BLUE RUIN, written & directed in 2013 by Jeremy Saulier, dominated by a mesmerizing lead performance, upends shopworn revenge thriller clichés and puts pain-torn humanity into the equation along with the expected piercing implements. It takes the Man’s Gotta Do theme out of the steely-eyed, aim-steady, quip-dispensing realm of the buffed-up brood chain dominated by Arnold’s, Bruce’s and Sylvester’s. In doing so, it invests us in the obligation and costs of soul-scarring justice via the shaken spirit and shaky hands of an ordinary flesh & blood victim. Saulier’s stripped-down drama punches above its weight. *
“Hey, man, I know this is personal. That’s how you’ll fail. No speeches, no talking. You point the gun, You shoot the gun.”

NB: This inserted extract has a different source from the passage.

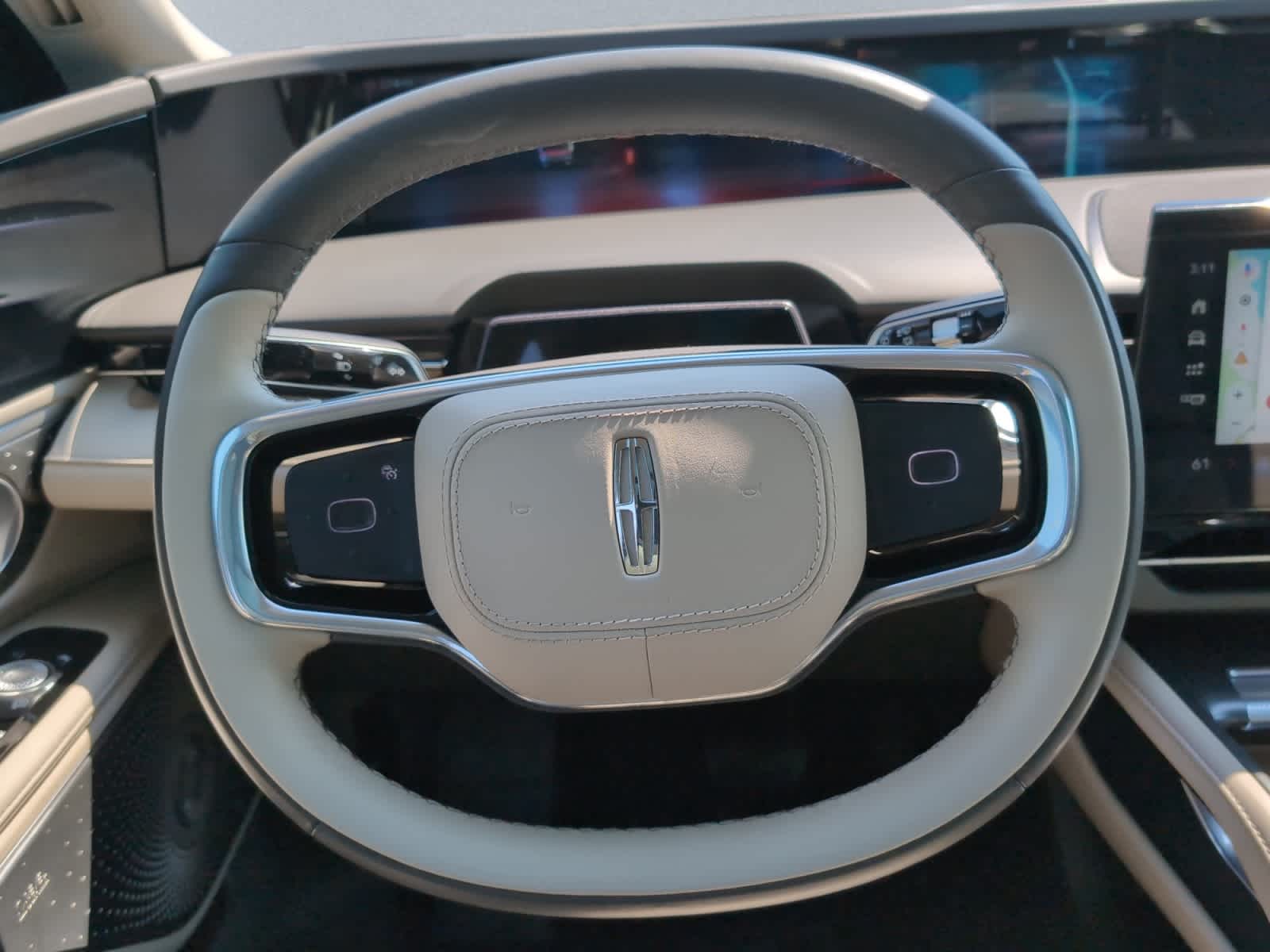 used 2025 Lincoln Nautilus car, priced at $57,298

Shattered by the double-murder of his parents, ‘Dwight Evans’ (Blair) emerges from years of grief-enforced exile when he is notified that the killer will be released from prison. Guided by no plan beyond passion’s primal logic of cause & effect, Dwight exacts retribution, but that in turn provokes retaliation from the killer’s family, now bent on a vengeance quest of their own. Things will end, not “well”, but perhaps as they must.
Pooling cash, maxing out credit cards, refinancing homes, and turning to Kickstarter, the final budget for Saulier’s make-or-break project came to just over $420,000. Box office returns amounted to $977,625, but more importantly, critics and industry poobahs took notice and a gifted writer-director who’d been on the verge of packing it out was instead propelled on his way up. Likewise his star, childhood friend Macon Blair, who also produced the picture, saw his career as actor, and as a writer and director in his own right, take flight.
Blair’s soft-spoken delivery, unassuming body-next-door presence, and the tremulous emotions behind his eyes make his everyman Dwight—groping his way through an honor mission laced with uncertainty—into an unlikely vigilante hero, and all the more affecting as a result. There’s a great, naturalistic supporting performance from Devin Ratray—comic, touching and flat practical—as a high school friend who has the wherewithal and willingness to see that the outmatched Dwight at least has a fighting chance.
Shot in Virginia and Delaware. With Amy Hargreaves, Kevin Kolack, David W. Thompson, Stacy Rock and Eve Plumb (‘Jan Brady’ to you TV sitcom vets). 90 minutes—all it needs to get the job done and leave you thinking about it.
* A vigilante team composed of boys named Arnold, Bruce and Sylvester sporting muscle shirts and buzz cuts? Instead of busting into a warehouse and scorching pallets of coke, they’d be more likely to crash a jazzercize studio and complain about the fronds.